Postgresql – Is it possible to optimize such a SQL query on a Postgres DB?

postgresql

Is there is a correct way to optimize such a query? Currently it takes around 250 ms for an execution. It is used for the duplication check. The execution plan is here https://explain.depesz.com/s/CRno. Thanks in advance.

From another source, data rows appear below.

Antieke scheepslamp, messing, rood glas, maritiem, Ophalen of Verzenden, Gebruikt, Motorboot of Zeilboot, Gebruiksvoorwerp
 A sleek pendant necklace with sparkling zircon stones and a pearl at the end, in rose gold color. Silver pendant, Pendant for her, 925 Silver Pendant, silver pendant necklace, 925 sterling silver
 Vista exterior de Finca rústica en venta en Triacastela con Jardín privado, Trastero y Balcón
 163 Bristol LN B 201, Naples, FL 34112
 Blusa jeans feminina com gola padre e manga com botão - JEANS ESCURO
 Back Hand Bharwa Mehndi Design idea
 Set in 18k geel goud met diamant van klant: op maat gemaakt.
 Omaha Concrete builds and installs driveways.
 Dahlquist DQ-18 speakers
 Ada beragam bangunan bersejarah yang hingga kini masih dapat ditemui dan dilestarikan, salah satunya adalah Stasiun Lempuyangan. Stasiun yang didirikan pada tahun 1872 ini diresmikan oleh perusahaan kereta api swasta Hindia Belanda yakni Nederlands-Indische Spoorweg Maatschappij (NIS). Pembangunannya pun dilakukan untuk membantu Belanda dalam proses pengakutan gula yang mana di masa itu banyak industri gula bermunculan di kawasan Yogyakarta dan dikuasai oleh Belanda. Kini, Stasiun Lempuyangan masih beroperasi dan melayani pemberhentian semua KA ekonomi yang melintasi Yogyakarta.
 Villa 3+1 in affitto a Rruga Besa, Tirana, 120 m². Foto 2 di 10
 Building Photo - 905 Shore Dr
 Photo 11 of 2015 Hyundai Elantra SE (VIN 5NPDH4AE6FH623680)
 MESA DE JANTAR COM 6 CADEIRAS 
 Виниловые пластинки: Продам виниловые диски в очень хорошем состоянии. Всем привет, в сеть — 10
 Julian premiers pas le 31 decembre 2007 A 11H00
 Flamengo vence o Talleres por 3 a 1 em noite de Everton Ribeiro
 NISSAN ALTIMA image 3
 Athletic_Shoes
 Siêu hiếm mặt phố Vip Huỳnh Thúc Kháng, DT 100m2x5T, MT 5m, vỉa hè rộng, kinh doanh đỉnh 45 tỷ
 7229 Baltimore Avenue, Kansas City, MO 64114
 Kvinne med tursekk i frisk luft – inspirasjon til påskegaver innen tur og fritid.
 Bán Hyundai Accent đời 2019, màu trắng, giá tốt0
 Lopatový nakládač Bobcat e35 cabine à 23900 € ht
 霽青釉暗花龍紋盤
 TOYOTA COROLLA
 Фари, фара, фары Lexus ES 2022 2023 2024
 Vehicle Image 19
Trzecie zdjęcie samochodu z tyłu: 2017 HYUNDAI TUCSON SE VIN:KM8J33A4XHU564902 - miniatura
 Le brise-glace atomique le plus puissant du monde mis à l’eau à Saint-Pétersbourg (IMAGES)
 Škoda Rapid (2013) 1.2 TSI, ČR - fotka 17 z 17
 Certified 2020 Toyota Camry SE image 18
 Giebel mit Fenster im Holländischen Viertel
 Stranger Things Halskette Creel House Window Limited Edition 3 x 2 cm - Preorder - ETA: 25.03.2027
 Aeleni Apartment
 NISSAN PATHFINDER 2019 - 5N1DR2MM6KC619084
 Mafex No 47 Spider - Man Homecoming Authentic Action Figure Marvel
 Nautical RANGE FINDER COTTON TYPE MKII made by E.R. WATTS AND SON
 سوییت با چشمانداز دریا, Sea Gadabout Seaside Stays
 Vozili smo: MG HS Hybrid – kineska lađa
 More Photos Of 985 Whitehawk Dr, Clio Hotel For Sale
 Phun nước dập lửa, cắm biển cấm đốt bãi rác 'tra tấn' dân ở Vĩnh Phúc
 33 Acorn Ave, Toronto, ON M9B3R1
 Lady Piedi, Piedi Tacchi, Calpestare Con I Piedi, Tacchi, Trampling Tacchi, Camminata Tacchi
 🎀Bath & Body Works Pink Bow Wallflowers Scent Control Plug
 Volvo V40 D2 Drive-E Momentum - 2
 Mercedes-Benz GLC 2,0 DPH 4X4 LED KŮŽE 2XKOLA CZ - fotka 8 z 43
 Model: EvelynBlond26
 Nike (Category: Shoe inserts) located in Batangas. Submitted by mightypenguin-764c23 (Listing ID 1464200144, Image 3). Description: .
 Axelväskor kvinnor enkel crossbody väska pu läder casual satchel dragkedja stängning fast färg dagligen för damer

select case when count(claim0_.clm_id_int)>0 then true else false end as col_0_0_ 
from claim_clm claim0_ 
inner join sup_mbr_sbp supplierbu1_ 
    on claim0_.clm_sbp_int_fk=supplierbu1_.sbp_id_int 
inner join merchant_program_mbr merchantprogr2_ 
    on supplierbu1_.sbp_mbr_int_fk=merchantprogr2_.mbr_id_int 
inner join merchant_buy merchant4_ 
    on merchantprogr2_.mbr_buy_int_fk=merchant4_.buy_id_int 
inner join supplier_sup supplier5_ 
    on supplierbu1_.sbp_sup_int_fk=supplier5_.sup_id_int 
inner join channel_cha channel3_ 
    on merchantprogr2_.mbr_cha_int_fk=channel3_.cha_id_int 
left outer join currency_cur currency6_ 
    on claim0_.clm_cur_int_fk=currency6_.cur_id_int 
where claim0_.clm_active_bln=true
and claim0_.clm_original_invoice_dtm='2019-11-25 00:00:00'
and claim0_.clm_original_maturity_dtm='2020-05-05 00:00:00'
and claim0_.clm_certified_amount_dbl=100
and supplierbu1_.sbp_id_int=2604 and currency6_.cur_id_int=3
and (claim0_.clm_status in ('NEW' ,  'VALIDATION_FAILED'))
and (claim0_.clm_supplier_claim_reference_str=NULL
    and supplier5_.sup_id_int=2620
    and supplier5_.sup_sup_clm_ref_in_dup_check_bln=true
    or claim0_.clm_merchant_claim_reference_str=''
    and merchant4_.buy_id_int=2055
    and merchant4_.buy_buy_clm_ref_in_dup_check_bln=true
    or channel3_.cha_duplication_check_type_str='CheckType1'
    and claim0_.clm_reference_str='TESTD00016121901' 
    and merchant4_.buy_id_int=2055
    or channel3_.cha_duplication_check_type_str='CheckType2'
    and claim0_.clm_reference_str='TESTD00016121901'
    and channel3_.cha_id_int=2007);

`

Best Answer

Taking a top down-approach, you have a nested loop which retrieves 1,728,571 rows, only to immediately filter them down to 11,010 in the next node up. Maybe you can use an index to eliminate them before going through the work of fetching them. It isn't clear what index that would be, or if it currently exists or not, or even if it is possible. So I'd probably start by doing set enable_mergejoin=off, to force it choose a different plan. Maybe you already have the index, and the planner is just not using it because of mis-estimations.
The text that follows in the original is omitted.